The stability and the dynamic behavior is an integral part of designing hydrofoil supported sailing vessels, such as the America's Cup (AC) 50 class. The foil design and the control systems have an important influence on the performance and stability of the vessel. Both foil and control system design also drive the maneuverability of the vessel and determine maneuvering procedures. The AC50 class requirements lead to complex foil control systems and the maneuvering procedures become sophisticated and multifaceted.

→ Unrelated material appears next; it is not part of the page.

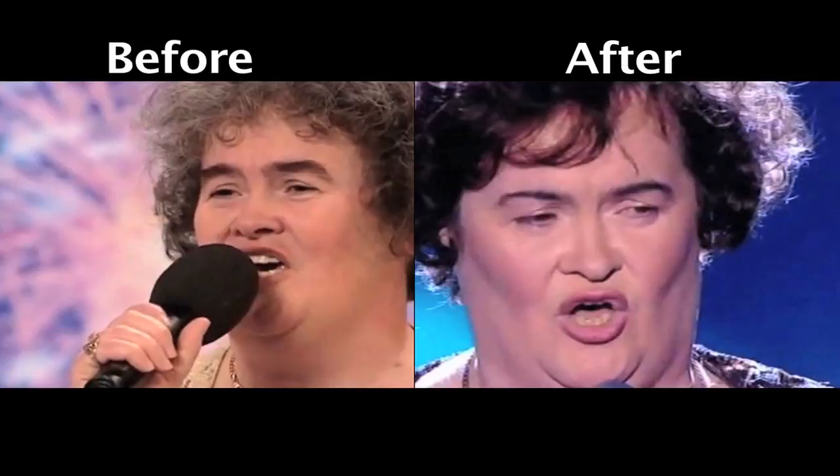Hi everyone. If you've been following Britain's Got Talent, you've probably noticed Susan Boyle's transformation, which I think has been so tastefully done, keeping it really real, which I think she's probably more comfortable with. Her makeup artist has brought out her beauty and also enhanced her best features.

Sailing and maintaining AC50 class yachts is a complex, expensive and time-consuming task. A dynamic velocity prediction program (DVPP) for the AC50 is therefore developed to assess the dynamic stability of different foil configurations and to simulate and optimize maneuvers. The goal is to evaluate certain design ideas and maneuvering procedures with this simulator so that sailing time on the water can be saved.
The paper describes the principal concepts of developing a AC50 model in the DVPP FS-Equilibrium. The force components acting on the yacht are defined based on physical principles, computational fluid dynamics (CFD) simulations and experimental investigations. The control systems for adjusting the aero- and hydrodynamic surfaces are modelled. Controllers are utilized to simulate the human behavior of performing sailing tasks. Maneuvers are then defined as sequences of crew actions and crew behaviors.
In the paper examples of utilizing the DVPP in preparation for the 35th America's Cup in Bermuda are described. The DVPP is for example used to investigate the effect of different boat set-ups on stability and handling during maneuvers. With the sailing team, maneuver procedures are developed and tested. Procedures such as dagger board and rudder elevator movement and crew position are investigated and evaluated to minimize the distance lost during tacking and gybing. The DVPP is also employed for trajectory optimization during maneuvers.